I’m no longer shocked that some servicer gave bad advice. But the problem runs deeper than that. The Department of Education outsourced the Public Service Loan Forgiveness servicing to FedLoan Servicing and has said in court documents the word of FedLoan Servicing is not to be relied upon. Read Public Service Loan Forgiveness Program Teters With Unmitigated Disaster.

The Department of Education says, “You may have received loans under other federal student loan programs, such as the Federal Family Education Loan (FFEL) Program or the Federal Perkins Loan (Perkins Loan) Program. Loans from these programs do not qualify for PSLF, but they may become eligible if you consolidate them into a Direct Consolidation Loan. However, only qualifying payments that you make on the new Direct Consolidation Loan can be counted toward the 120 payments required for PSLF. Any payments you made on the FFEL Program loans or Perkins Loans before you consolidated them don’t count.” – Source

 

Your issues are somewhat aligned with the facts stated in the suit filed by the American Bar Association over the Public Service Loan Forgiveness program.

Even when student loan debtors have regularly submitted the Department of Education recommended Employment Certification Form on a regular basis to confirm their employment qualifies for forgiveness, the Department of Education says any determination by their contractor FedLoan Servicing, can’t be relied upon.

The government says, “The Department of Education (Department) has created a system by which individuals can obtain provisional guidance on whether their employers are qualifying employers for PSLF as they work towards making the 120 qualifying payments. Under this system, individuals file an Employment Certification Form (“ECF”), and FedLoan Servicing-which provides services for this program under a contract with the Department-responds with a notification regarding the employer’s status.” – Source

And the hidden gotcha in the program is making the 120 payments alone is apparently not sufficient, “Once a borrower has made 120 qualifying payments, she may submit an application for PSLF and an ECF to verify that she is employed with a qualifying public service organization. AR 179. The borrower must be employed by a qualifying public service organization at the time she submits the application for loan forgiveness and when the balance on the loan is forgiven.” And who knows how many years it will take to grant final approval after the forgiveness application is submitted.

So even if you made 120 qualifying payments you may still not be granted forgiveness if your employer is not considered to qualify when your forgiveness application is finally approved.
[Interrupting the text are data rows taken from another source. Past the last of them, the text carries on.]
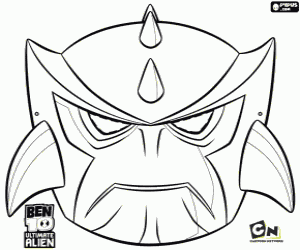 Coloriage Masque de Ben 10, Énormosaure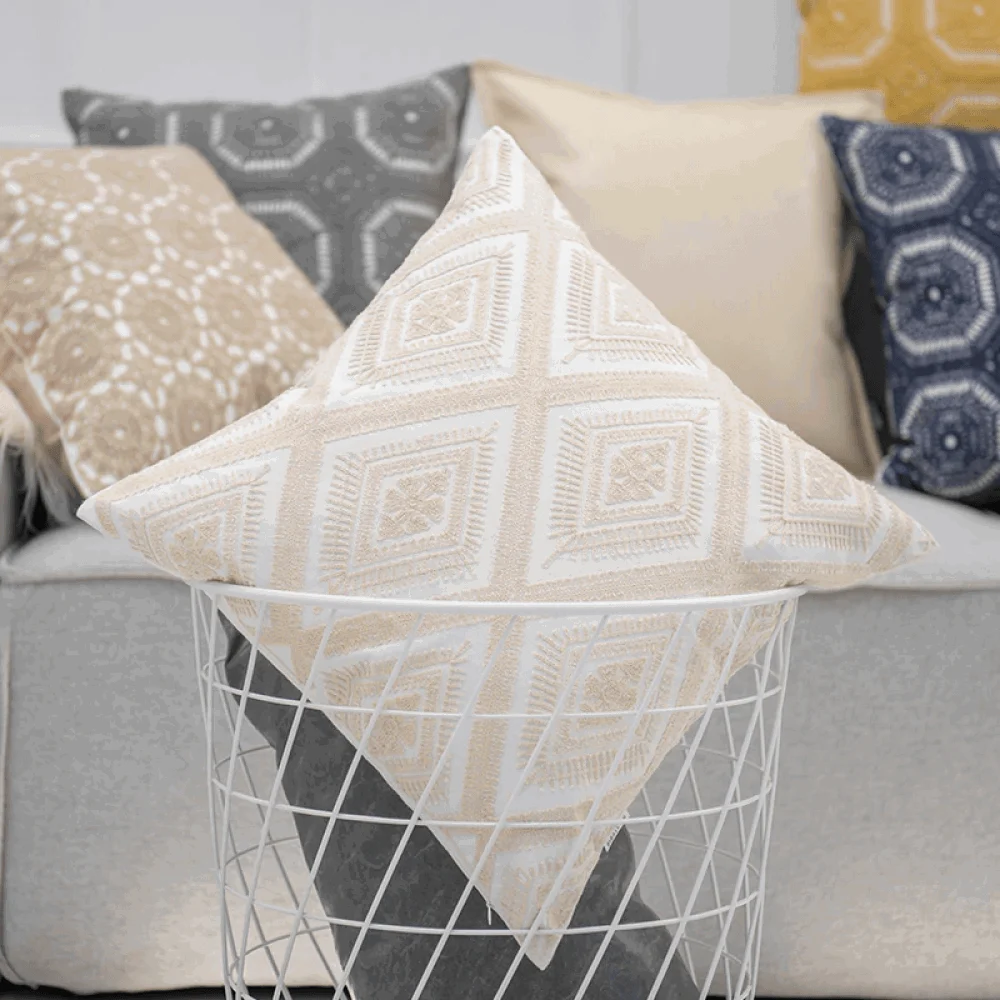 Homeko Lace Floral Embroidered Pillow Cover -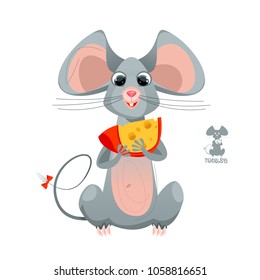 Funny mouse holding in the paws a piece of cheese. Vector illustration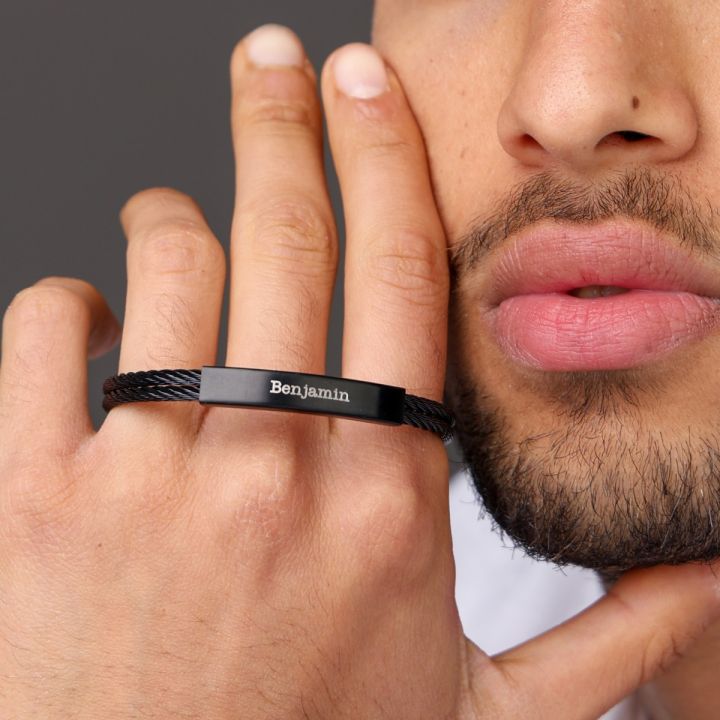 Dark Engraved Cable Cuff for Men - Stainless Steel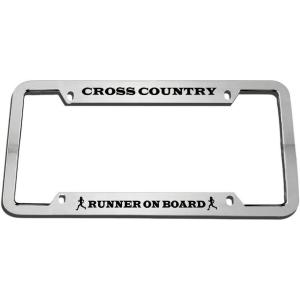 imageSpeedy Pros Cross Country Runner On Board Zinc Metal License Plate Frame Car Auto Tag Holder Chrome 4 Holes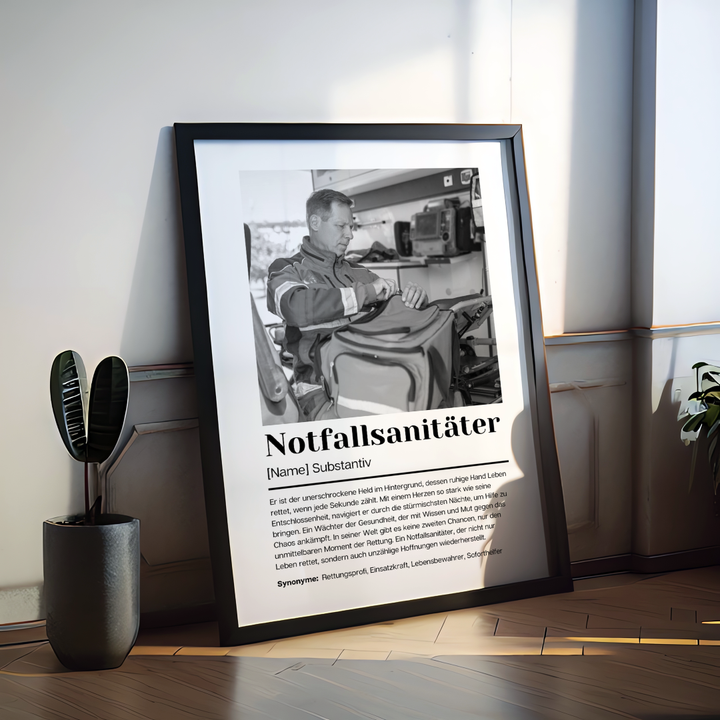 Fotoposter Definition NOTFALLSANITÄTER personalisiert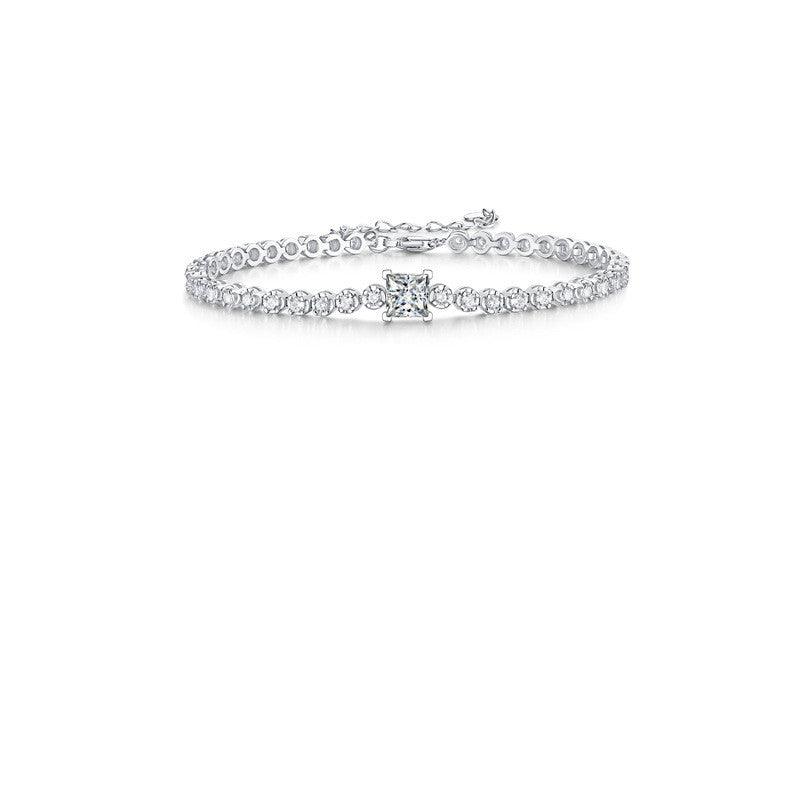 Bracelet S925 Silver Inlay Moissanite Rubik's Cube - Trendha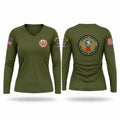 54th Medical company Women's Long Sleeve V-neck Shirt - 1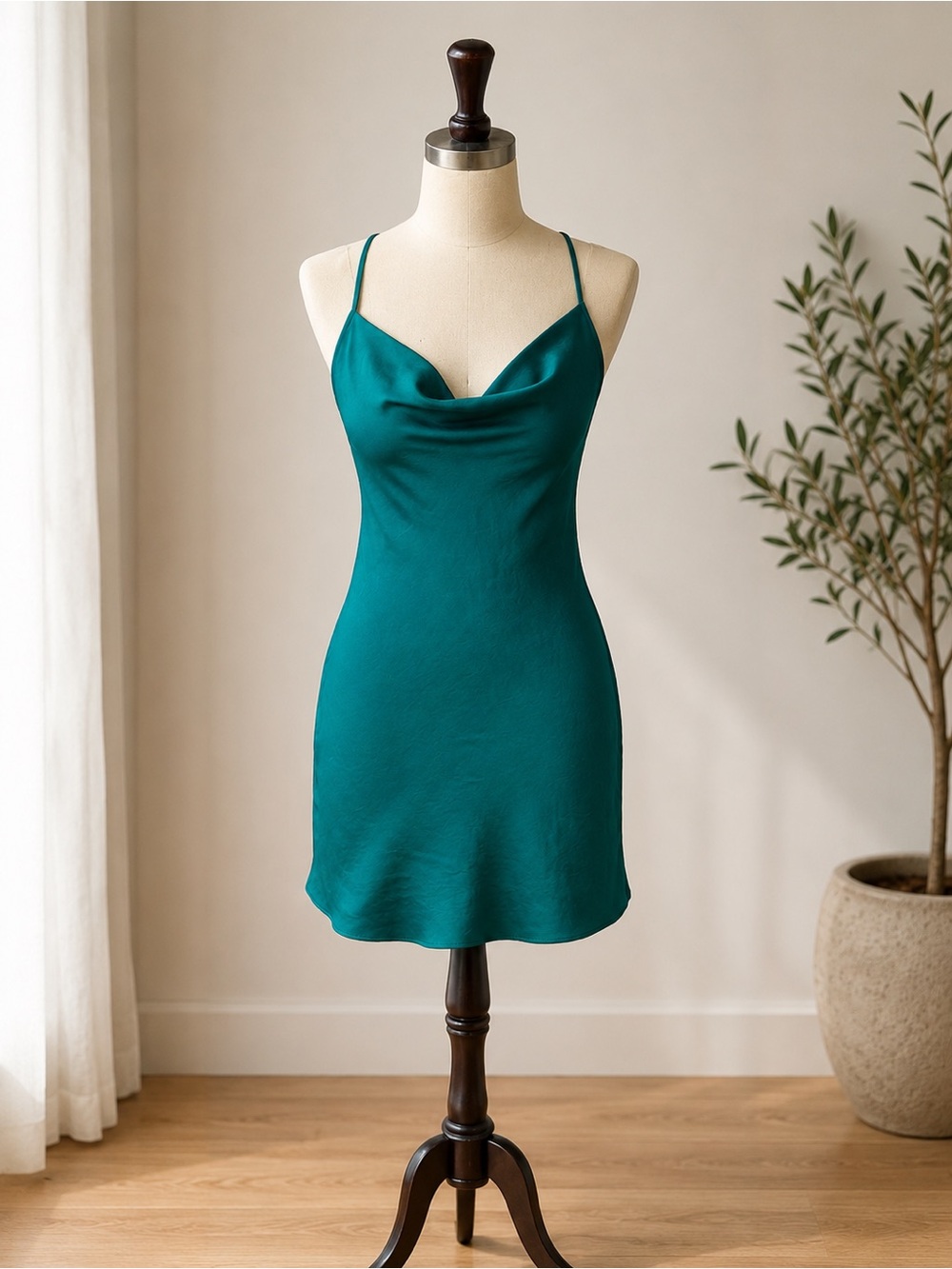 Silky Teal Slip Dress with Cowl Neck Adjustable Waist Adjustable Straps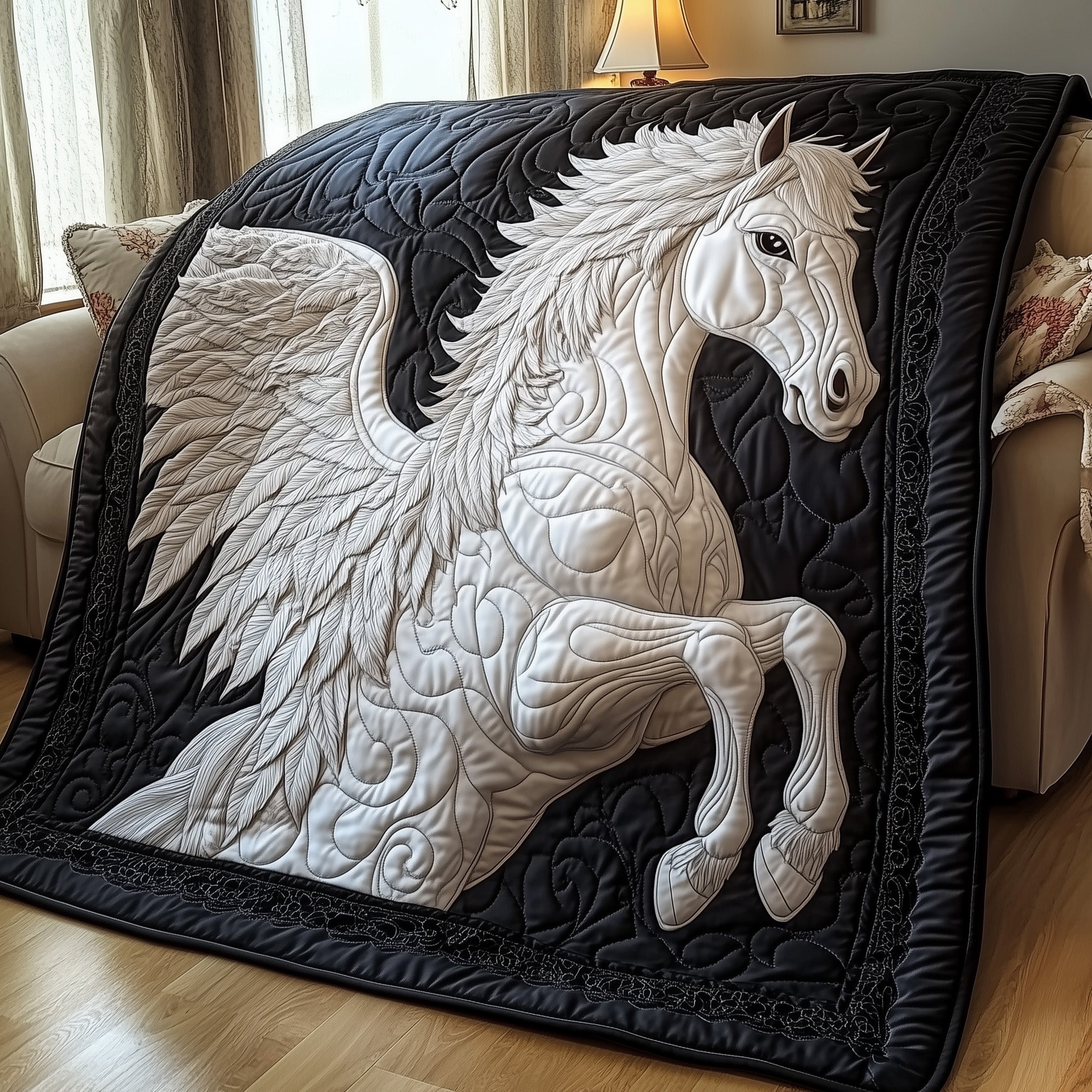 Elegant White Horse Quilted Blanket Christmas Theme Quilted Blanket Throw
And that fact was not lost on the American Bar Association who noted, “Significantly, the borrower’s prior ECF approvals would not be reconsidered in this situation such that her past employment would be retroactively stripped of its qualifying status. Rather, in such a scenario, the Department’s decision would bear on whether the borrower has met all of the final qualifications for loan forgiveness, including being employed in public service at the time she submits the forgiveness application, not whether her prior ECF-approved employer(s) qualified under the statute and regulation.” – Source

 

Your situation is very similar to that faced by the Plaintiffs in the American Bar Association case since “the denials’ retroactive application had the immediate effect of wiping out what Plaintiffs believed in good faith to be years of qualifying payments toward obtaining loan forgiveness. The Department gave Plaintiffs every reason to believe that it had accepted and recorded payments for many years.”

Bottom line – the PSLF program is a mess and there appears to be no evidence forgiveness will be granted or even what the actual process is since the Department of Education keeps changing the rules.